A 1983 document from a British archive makes one reference to Abbas, identifying him by the code name “Mole” and “KGB agent.” The document provides no information on how, where or when he was recruited by the Soviet intelligence agency.
The document's emergence coincides with a Russian attempt to broker new peace talks between Israel and Palestine. A Russian envoy met with Israeli Prime Minister Benyamin Netanyahu in Jerusalem this week.
Two researchers at the Truman Institute at Jerusalem’s Hebrew University — Gideon Remez and Isabella Ginor — discovered the document and disclosed it to Israeli television. They believe that Abbas and Putin's past work with the KGB could be significant in attempts to arrange an Israeli-Palestinian summit.
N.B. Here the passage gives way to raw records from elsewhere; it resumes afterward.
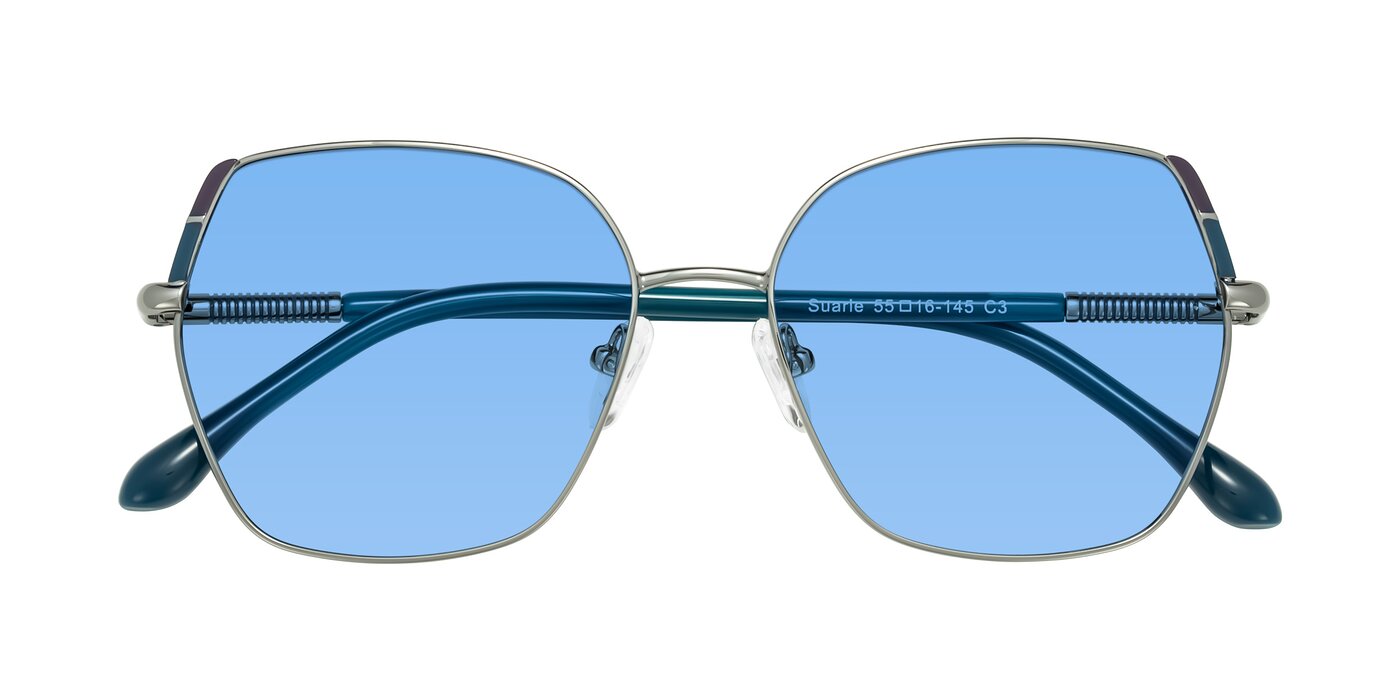 Suarie - Gunmetal/Teal Tinted Sunglasses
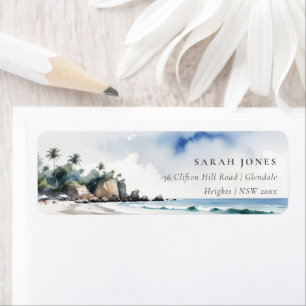Coastal Bali Beach Palm Tree Watercolor Address Label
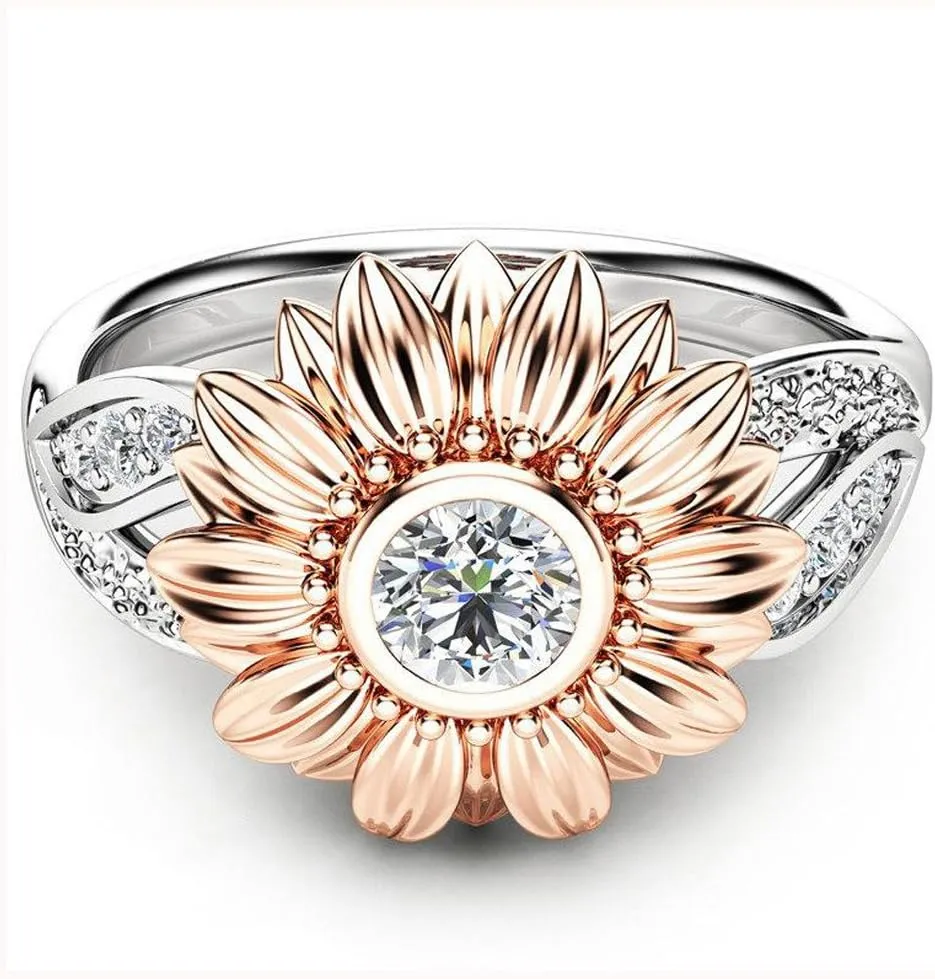 Classic Sunflower Split Shank Floral White Cubic Zirconia Engagement Wedding Rings for Women Gold Cocktail Rings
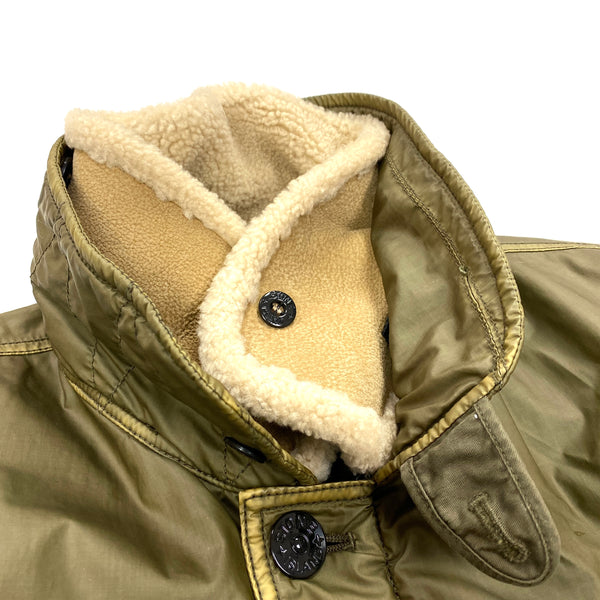 Stone Island 2015 Mussola Gommata Sherling Flight Jacket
Putin served in the KGB between 1975 and 1991, rising to the rank of lieutenant colonel.
Remez said that they are not attempting to sabotage potential talks. However, their distrust of Russian involvement was the main reason for the timing of their public disclosure, the New York Times reported.
After Israeli media reported on the document, Palestinian officials quickly dismissed it as an attempt to slander their leader. They have also pointed out that the Palestine Liberation Movement actively cooperated with the U.S.S.R. and that Abbas was in contact with Moscow in his role as leader of the Palestinian-Soviet friendship foundation.
The document naming Abbas is one of thousands handed over to British intelligence by former KGB archivist Vasily Mitrokhin.
Mitrokhin, disillusioned with Soviet repression, painstakingly copied the KGB documents by hand over many years, turning them over to Britain after the fall of the Soviet Union. The documents form a valuable resource for analysts and historians known as the Mitrokhin archive.